The wife keeping secrets?
Trust, Communication and Respect are the key foundations in any marriage. And if you don't have them, you might as well not be married. Ladies, you'd like to think that your husband is the one person on earth who knows you the best. He knows what you look like when you first crawl out of bed, the fact that you may snore louder than a chainsaw, he's seen you in your birthday suit and knows what you look like behind the makeup. But, does the man you vowed to spend the rest of your life with, really know you? Well I guess you'd like to think he does. But maybe the question should be.....does he need to know everything? Of course he doesn't. There are things that our husband really doesn't need to know. Every woman is entitled to their own treasure chest of secrets. So what are the important things you should share with your spouse no matter what? Well I'll tell you....These secrets are going to touch the core. They are the deeper secrets that involve things like money, life, and even sex. So hold on to that chair, we are in for a bumpy ride!
Do you maybe have some money issues?
Now with money issues I'm not talking about a little over spending when you go to the grocery store. Or those cute little black pumps that may be hiding in the back of your closet! Tisk tisk ladies!
I'm talking big things....Like loans or other money issues that may cripple you if something should happen?
25% of women hide purchases from their partners. And it's not even hiding purchases that can ultimately ruin a marriage. Stashing money can also have a big impact.
So if there is something you are hiding from your spouse, be it a loan or a bank account, now is the time to come clean.

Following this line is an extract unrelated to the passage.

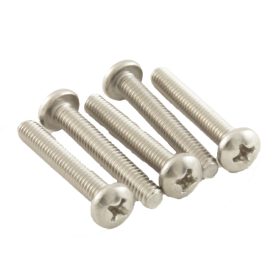 Screw, 5 Pk, Pent Sta-Rite DuraGlasII/IntelliPro, 8-32 x 1/4" | 356996Z 35 102 1167 1.jpg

Trusting your spouse to be in your corner should be at the top of your list. So open up and tell him about your money troubles.
Is your relationship going south?
Marriage is a lot different than when you two were dating. The "honeymoon" phase is over and life may seem to have gotten a bit on the monotonous side. You may face the same routines over and over again and feel a bit on the trapped side. It's OK to have these feelings. I'm sure all married couples go through the rut of monotony at a point or two in their marriages. But if you really want the marriage to work you have to open up. Again I point out the communication skills you were born with. Your spouse will never know how unhappy you really are unless you open up and tell him. There is nothing wrong with being open and honest about your feelings.
Opening up about being unhappy is a good way to express what you want, and where you want your marriage to go from here on out. And the man who vowed to love you through anything will respect you more for coming clean.
So talk about it before the distance separates the two of you for good. The key is to bring up the touchy subjects like boredom and resentment before the damage is done. And act quickly, no matter how much the subject hurts. It could resolve a lot of issues for the both of you. Thus making your marriage more open and honest in the end.
If the topic of sex is iffy with you, then move on to the next segment. But ladies lets be a little bit honest here. Faking it at times is OK. Faking it ALL the time is not. We have all done it at one point or another in our lives and even, I'm sure, with our spouses. But if your sex life is so unsatisfying that you are faking it all the time just to "get it over with" then you need to sit down with your spouse and talk about it.
The topic of sex isn't something we want to sit down and discuss, especially if it is unsatisfying. But the issues should be addressed if you are not being satisfied by your partner. Don't feel like it's your fault that you can't climax, or that it might embarrass or hurt your husbands feelings. Talk with your spouse about the possibility of introducing new techniques or positions to spice it up a bit and help you out in return.
Are you getting sick?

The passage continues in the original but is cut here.